WHAT THIS TASK INVOLVES — The answer should hold only the lines from the one containing "Colorful Suburban Sunset Over..." through the one containing "Digitus USB-Kabel USB" in the entries below, copied exactly, without pictures.

INFORMATION PROVIDED —
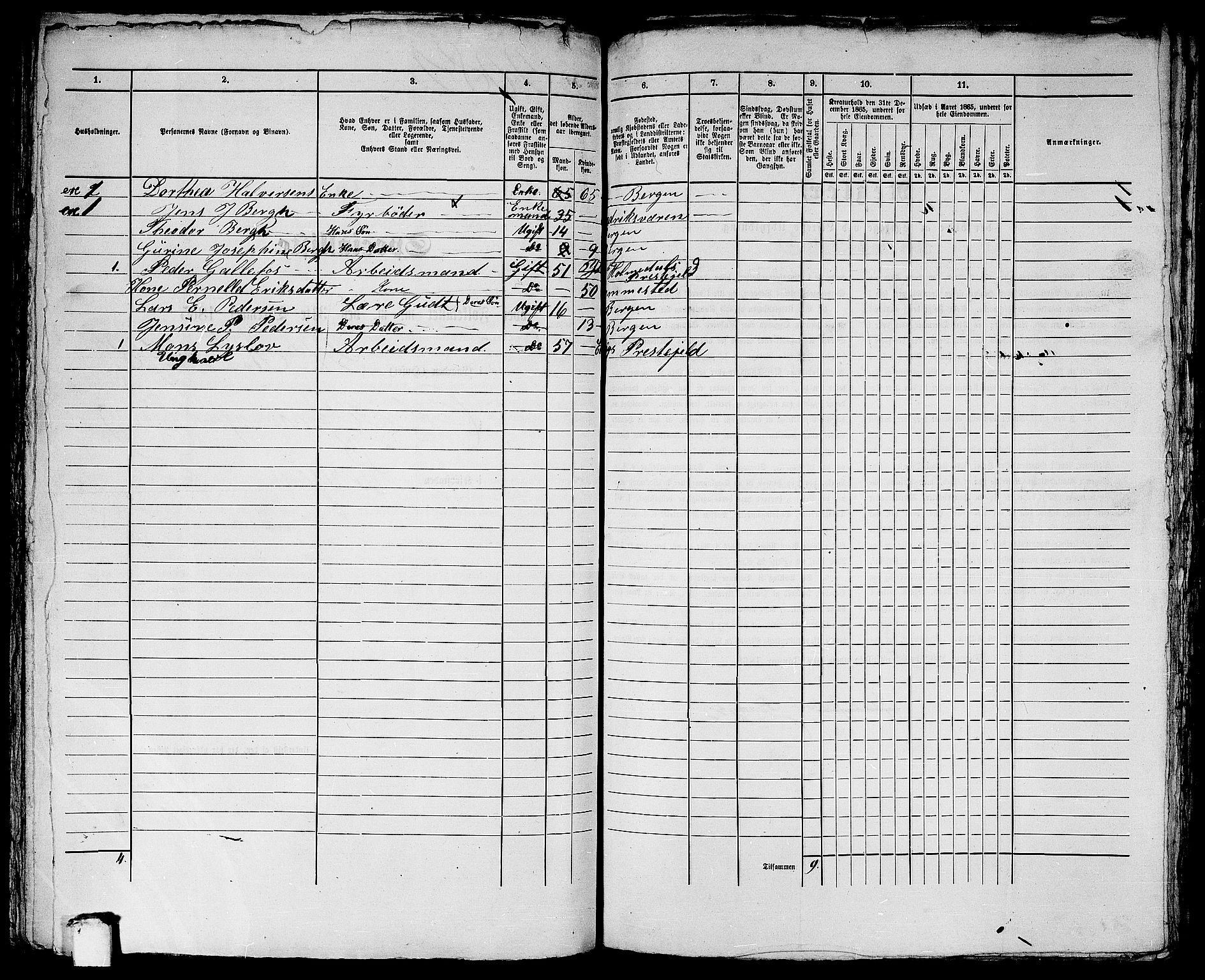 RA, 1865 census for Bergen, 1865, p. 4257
--
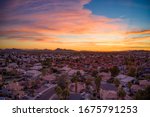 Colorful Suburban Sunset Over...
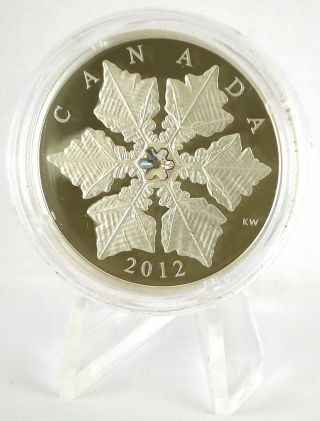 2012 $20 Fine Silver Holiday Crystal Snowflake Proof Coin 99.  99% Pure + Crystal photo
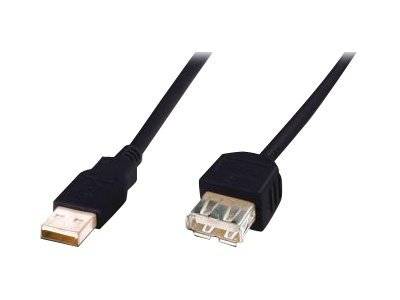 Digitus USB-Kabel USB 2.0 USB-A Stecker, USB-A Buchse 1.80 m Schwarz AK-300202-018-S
--
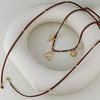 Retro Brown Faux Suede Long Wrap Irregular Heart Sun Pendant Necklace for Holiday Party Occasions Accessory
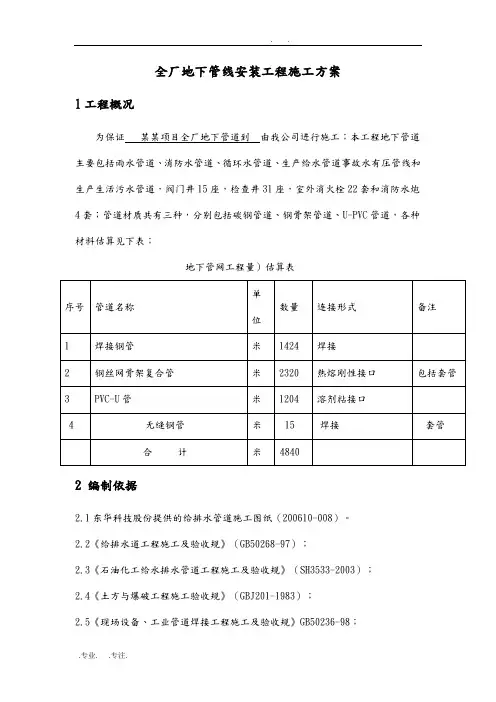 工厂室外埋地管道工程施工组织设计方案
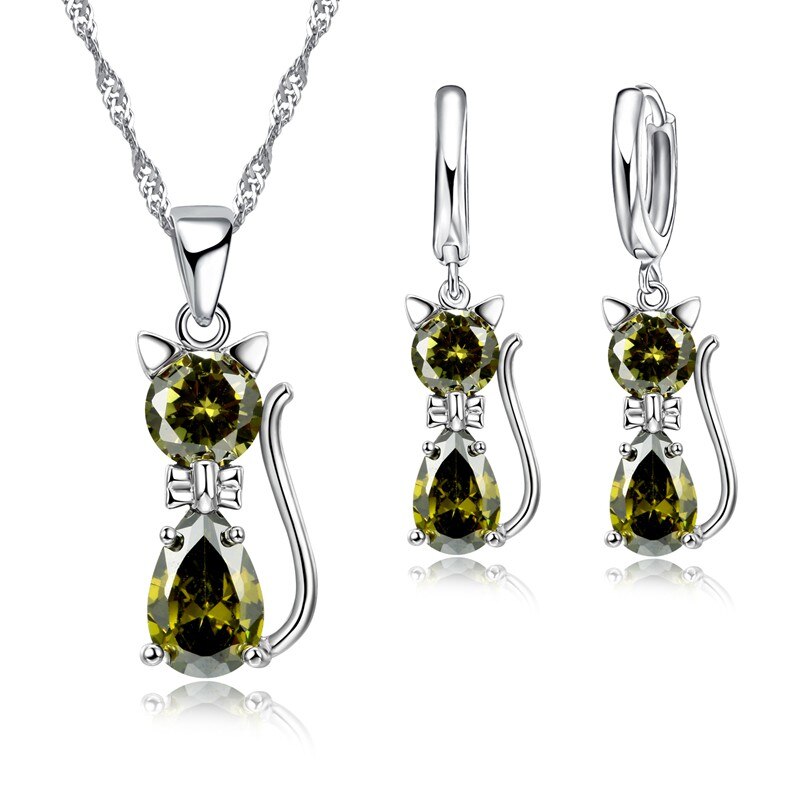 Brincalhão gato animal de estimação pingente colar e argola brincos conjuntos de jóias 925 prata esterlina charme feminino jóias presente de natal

REPLY TO THE EXERCISE —
 Colorful Suburban Sunset Over...
 2012 $20 Fine Silver Holiday Crystal Snowflake Proof Coin 99.  99% Pure + Crystal photo
 Digitus USB-Kabel USB 2.0 USB-A Stecker, USB-A Buchse 1.80 m Schwarz AK-300202-018-S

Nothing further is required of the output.